Nous sommes ravis d'avoir la possibilité d'exposer notre vision de la politique des conservatoires et d'échanger avec les parties prenantes.
La politique des conservatoires est partagée et co-construite avec les collectivités territoriales. Les établissements de l'enseignement artistique relèvent de la compétence des collectivités territoriales. L'État s'intéresse néanmoins à cette question de près du fait du maillage territorial exceptionnel qu'il constitue, au même titre que les bibliothèques. Compte tenu de leur proximité avec les territoires et les populations, ils représentent un véritable enjeu en termes de démocratisation. C'est pourquoi le ministère de la culture soutient le réseau des conservatoires et exerce un contrôle pédagogique.

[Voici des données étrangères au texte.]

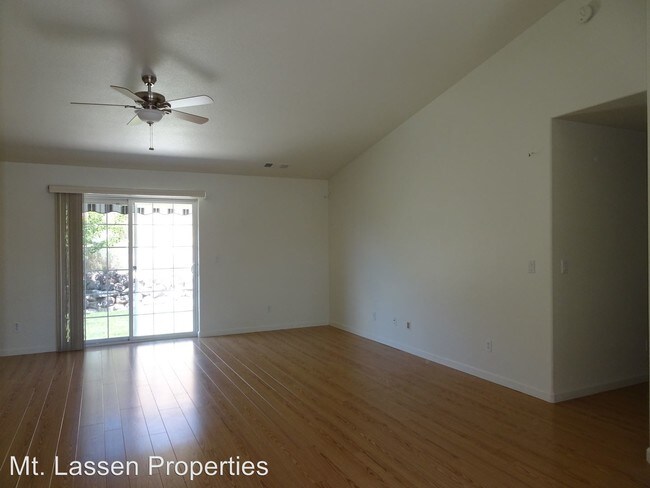 Building Photo - 1295 Shadow Mountain Dr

Il est vrai que les textes législatifs ont été appliqués de manière différenciée sur le territoire. Le retrait massif de l'État il y a quelques années s'explique par la direction qui avait été prise d'un transfert de compétences vers les collectivités territoriales. Comme vous l'avez souligné, l'État a ensuite progressivement repris sa participation. Notre volonté est aujourd'hui de préserver le niveau de nos dotations et d'engager un dialogue avec l'ensemble des parties prenantes autours d'une réforme du soutien de l'État aux conservatoires et aux écoles de musique.
La loi LCAP a marqué une étape importante en donnant aux conservatoires un nouveau cadre juridique. Elle leur a permis de délivrer un diplôme national, a ouvert la voie à l'élaboration de schémas régionaux de l'enseignement artistique, qui peuvent contribuer à structurer l'enseignement au niveau territorial, et a enfin prévu une procédure d'agrément pour le troisième cycle professionnalisant. La Normandie est aujourd'hui la seule région à avoir demandé le transfert de compétences. Il serait intéressant de comprendre pourquoi aucune autre région n'a souhaité s'emparer de ces attributions.

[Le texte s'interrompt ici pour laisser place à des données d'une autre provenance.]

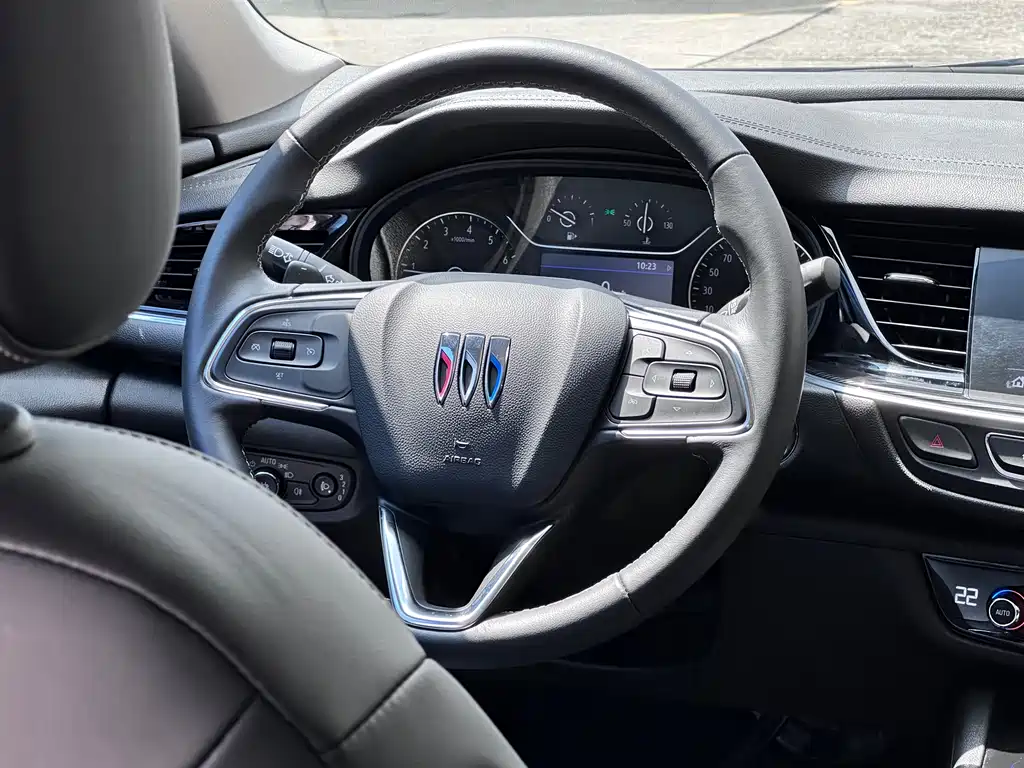 Buick Regal 2023 — фото 12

Quoi qu'il en soit, les conservatoires constituent véritablement des acteurs majeurs de la vie artistique et culturelle des territoires, comme de la création artistique. D'où l'importance que l'enseignement dispensé par ces établissements soit de qualité, ce qui recouvre à la fois la qualité des enseignements en tant que tel et la diversité des contenus pédagogiques, en particulier des esthétiques enseignées.

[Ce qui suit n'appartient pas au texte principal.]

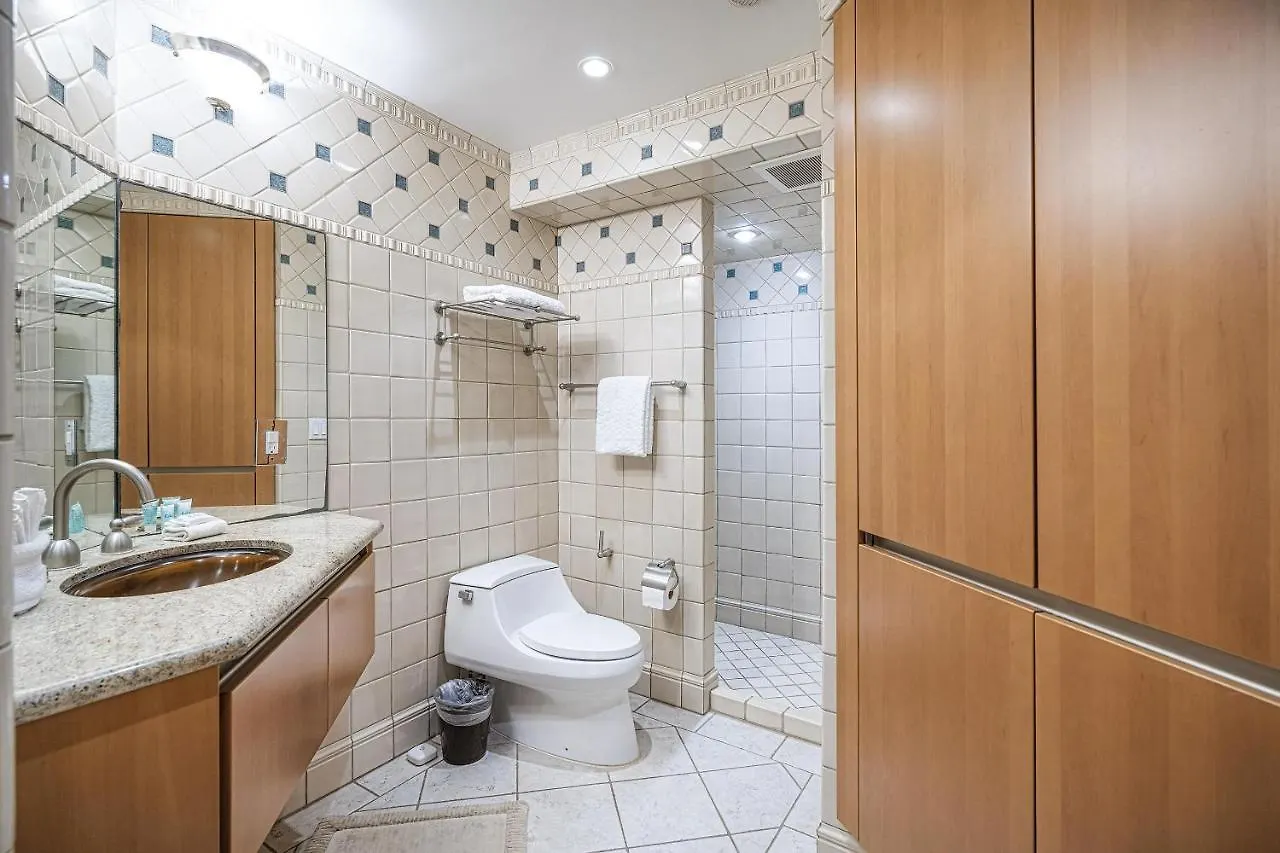 Hale Hui Kai 208, Renovated, Ocean View, Split Ac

Nous avons engagé une réflexion pour faire évoluer le contrôle pédagogique de l'État sur ces établissements. À cette fin, des concertations ont été engagées avec les collectivités territoriales, les représentants des établissements et des enseignants pour réformer la philosophie générale de notre intervention, jusqu'ici fondée sur une logique de classement vertical. L'idée serait de créer un système s'appuyant sur une logique nouvelle, fondée sur la confiance et la co-construction avec les collectivités territoriales. Nous abandonnerions le principe d'un contrôle a priori au profit d'une procédure de suivi, s'appuyant sur un dialogue régulier avec les collectivités afin de nous assurer que le cahier des charges des établissements est respecté et que la qualité des enseignements est garantie. Jusqu'ici, le classement était attribué pour une durée de sept ans. À l'avenir, dans un souci de simplification, il s'agirait d'une certification, qui pourrait être attribuée pour une durée indéterminée, ce qui allègerait les procédures administratives. Cette certification serait donnée après avoir échangé avec les collectivités sur les choix, en particulier pédagogiques, retenus pour l'établissement et leur pertinence au regard des réalités territoriales et des besoins de la population. Pour être certifié, il conviendrait cependant que l'établissement enseigne au minimum deux spécialités, présente des garanties sur le maintien du niveau d'emploi des enseignants et élabore des propositions de parcours différenciés à destination des élèves.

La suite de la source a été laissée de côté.